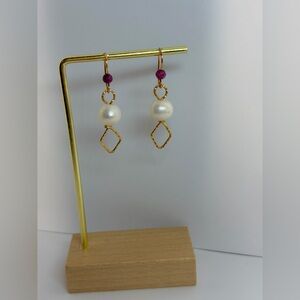Geometric Ruby and Pearl Drop Earrings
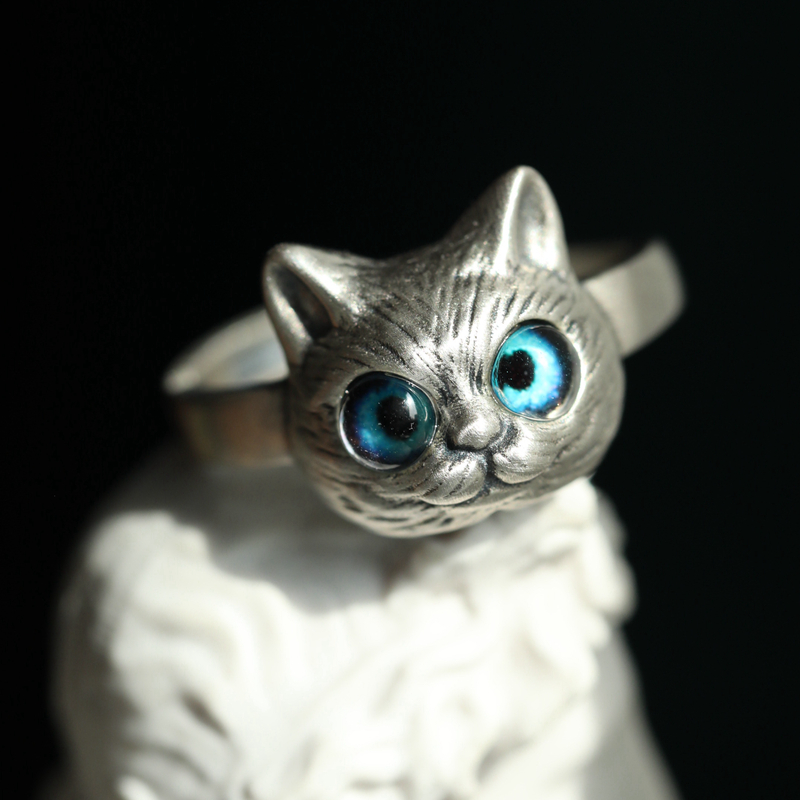 复古风纯银百搭小猫轻奢开口戒指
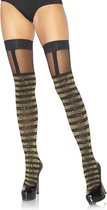 Lurex striped thigh highs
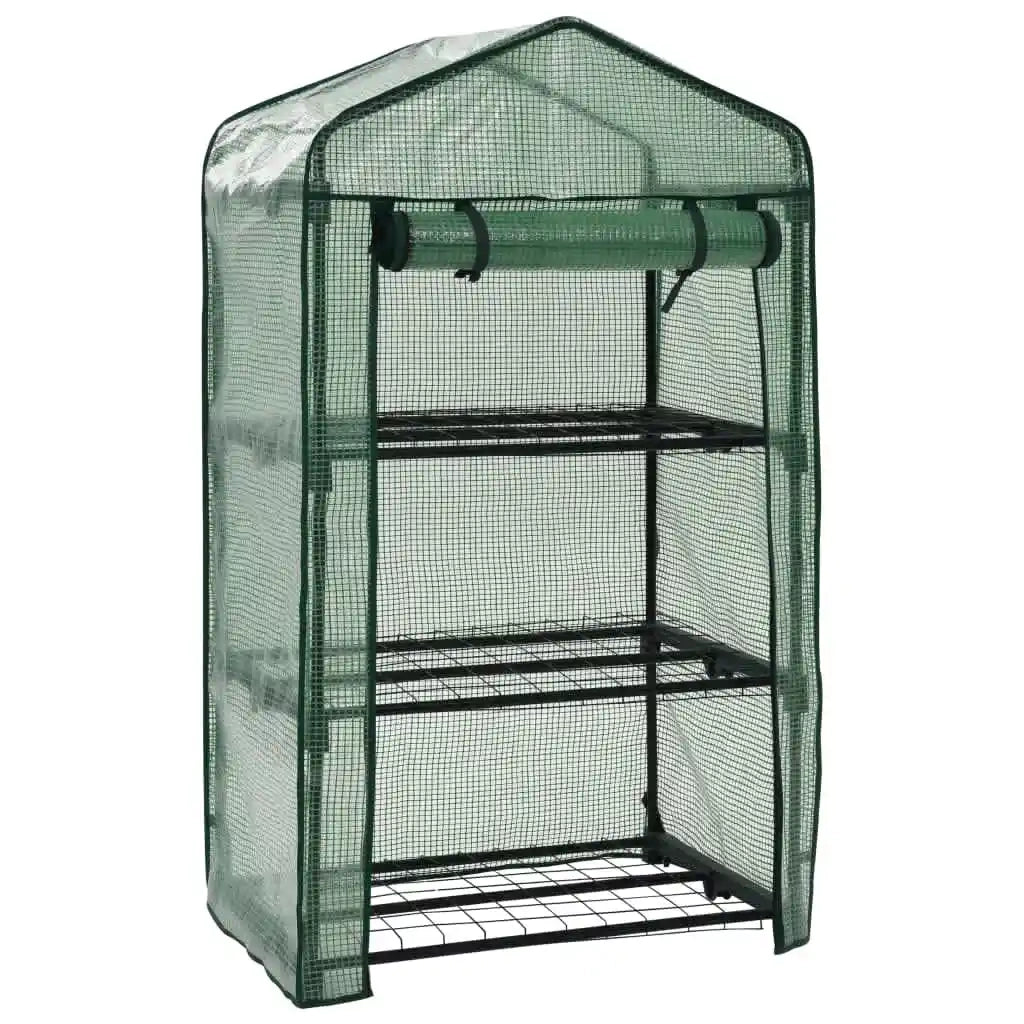 Mini serra a 3 livelli 69 x 49 x 125 cm facile accesso finitura resistente in polietilene verde 02_0045930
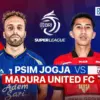 Logo Vidio platform live streaming untuk laga PSIM Yogyakarta vs Madura United
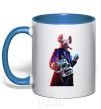 Mug with a colored handle Watch dogs pig royal-blue фото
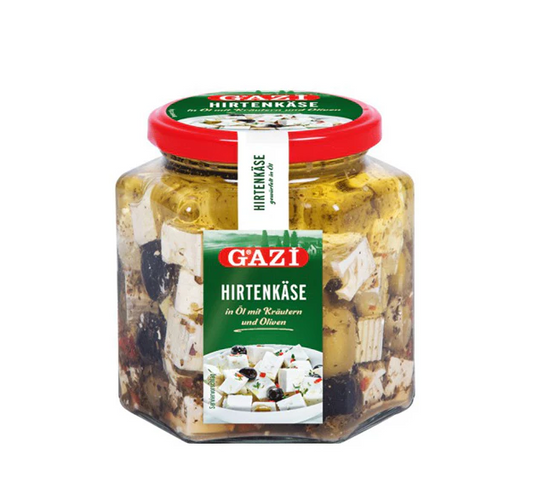 GAZI SALAD CHEESE IN OIL WITH HERB & OLIVES 375G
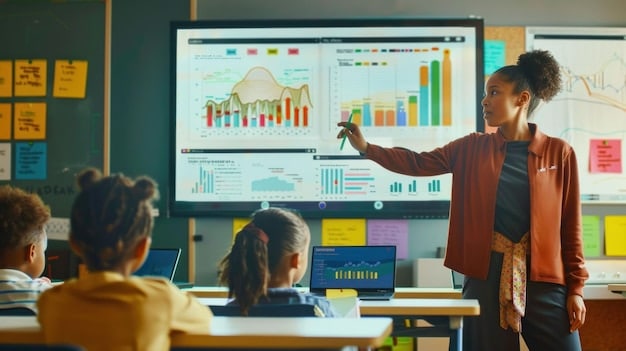 A teacher reviewing student performance data on a computer screen. The screen displays graphs and charts generated by an AI-powered analytics tool. The teacher is analyzing the data, identifying areas where students are excelling and areas where they need additional support. In the background, students are working on their assignments, highlighting the teacher's role in guiding and supporting their learning.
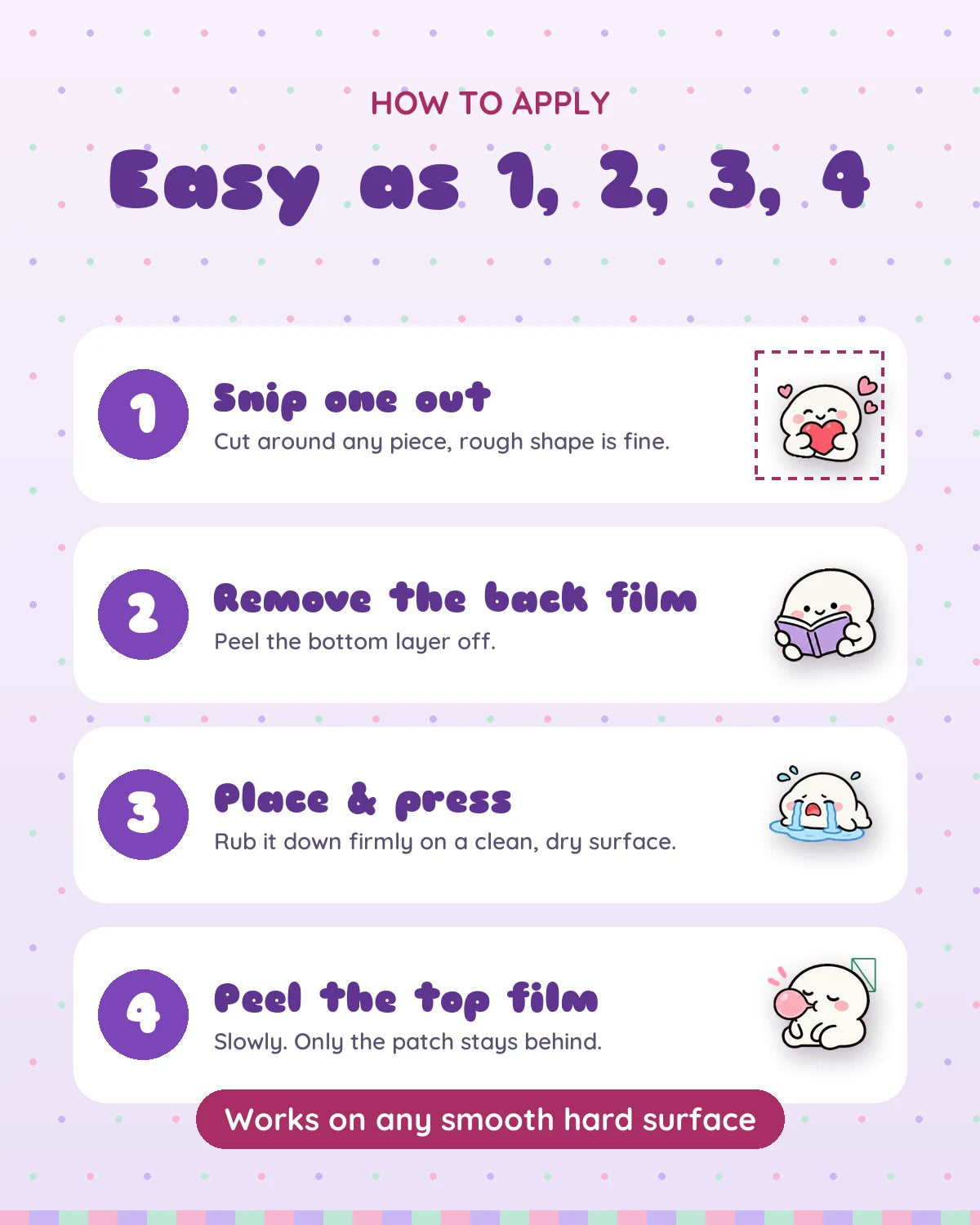 Mochi Mood mini patches: how to apply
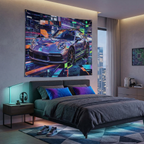 Neon Abstract Porsche 911 Wall Art Car Tapestry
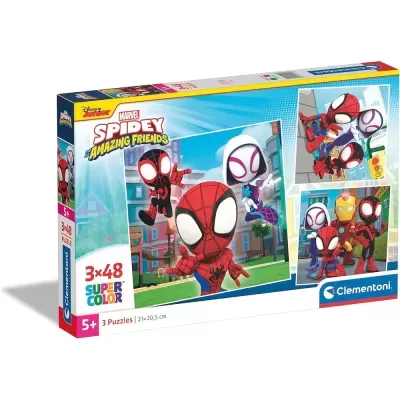 Caixa de puzzles Spidey Amazing Friends com personagens animados em cores vivas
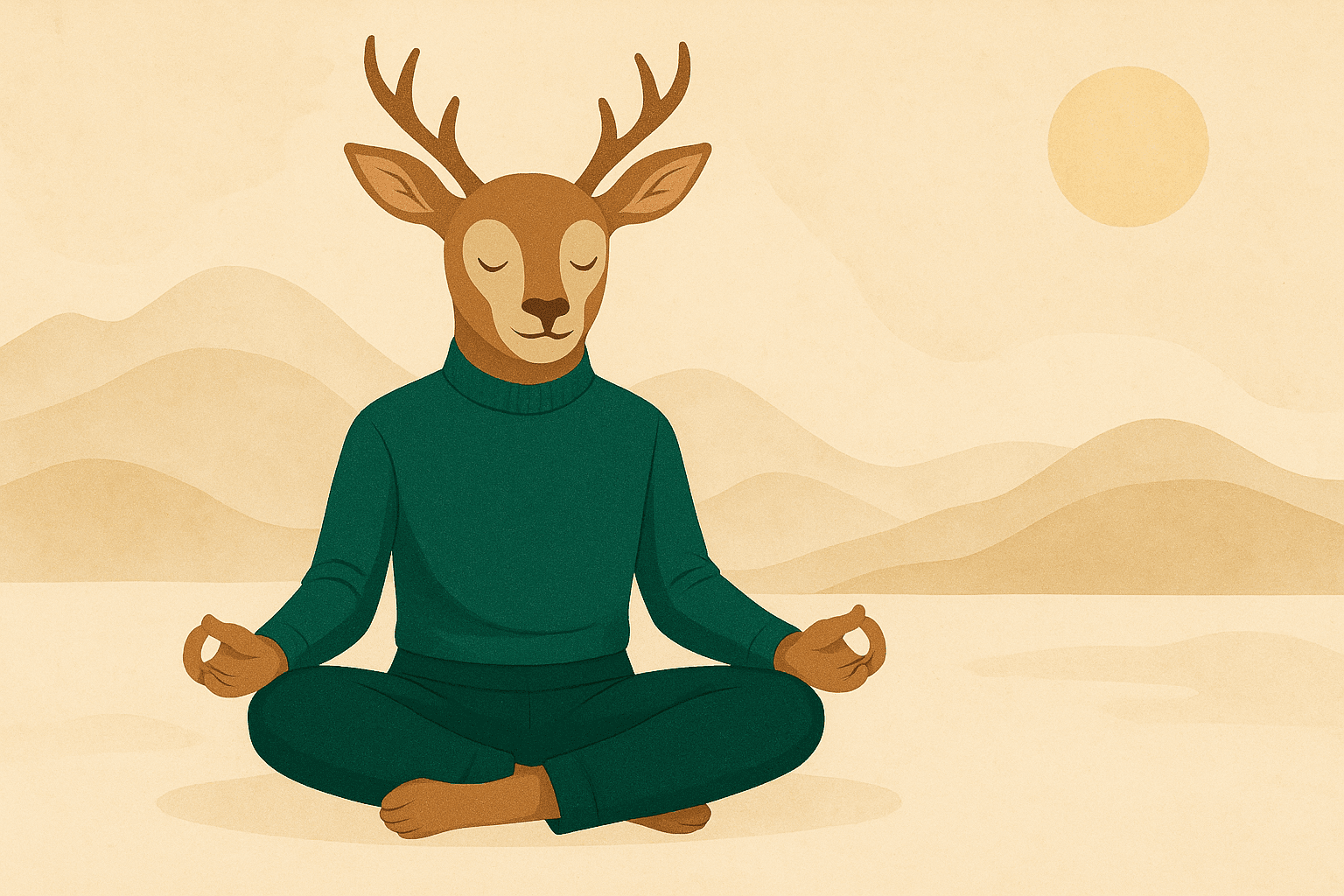 Ciervo meditando en la naturaleza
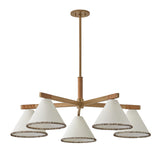 Delora 5 Light Chandelier 40", Patina Brass and Rattan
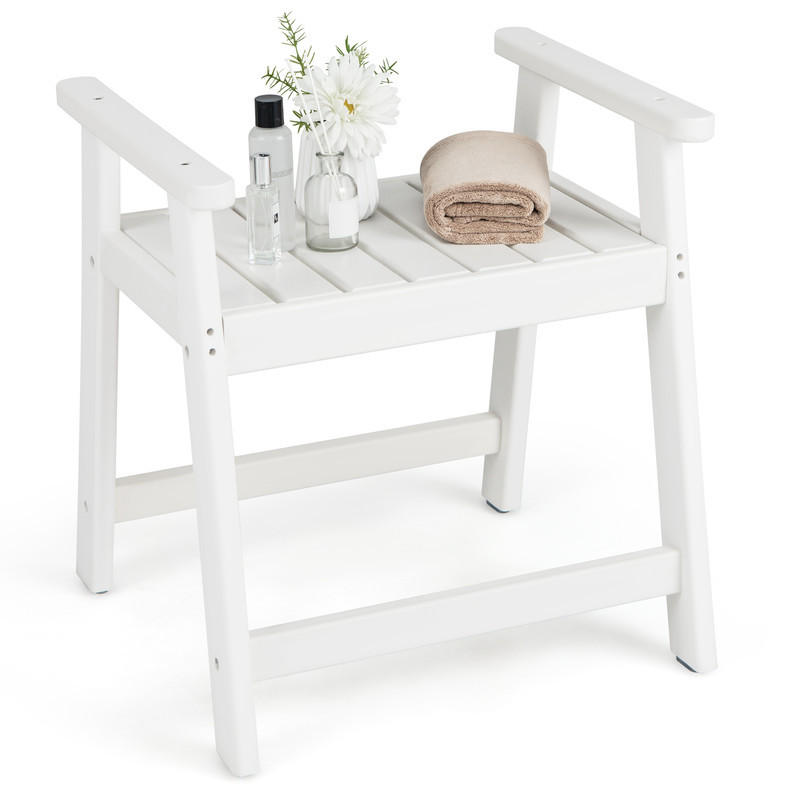 DUSCHHOCKER wasserdicht weiß - Weiß, Kunststoff (58/61.5/51cm) - COSTWAY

-- Exercise aim --
Exact copy, no pictures: reproduce every record as it stands.

-- Your solution --
Geometric Ruby and Pearl Drop Earrings
 复古风纯银百搭小猫轻奢开口戒指
 Lurex striped thigh highs
 Mini serra a 3 livelli 69 x 49 x 125 cm facile accesso finitura resistente in polietilene verde 02_0045930
 Logo Vidio platform live streaming untuk laga PSIM Yogyakarta vs Madura United
 Mug with a colored handle Watch dogs pig royal-blue фото
 GAZI SALAD CHEESE IN OIL WITH HERB & OLIVES 375G
 A teacher reviewing student performance data on a computer screen. The screen displays graphs and charts generated by an AI-powered analytics tool. The teacher is analyzing the data, identifying areas where students are excelling and areas where they need additional support. In the background, students are working on their assignments, highlighting the teacher's role in guiding and supporting their learning.
 Mochi Mood mini patches: how to apply
 Neon Abstract Porsche 911 Wall Art Car Tapestry
 Caixa de puzzles Spidey Amazing Friends com personagens animados em cores vivas
 Ciervo meditando en la naturaleza
 Delora 5 Light Chandelier 40", Patina Brass and Rattan
 DUSCHHOCKER wasserdicht weiß - Weiß, Kunststoff (58/61.5/51cm) - COSTWAY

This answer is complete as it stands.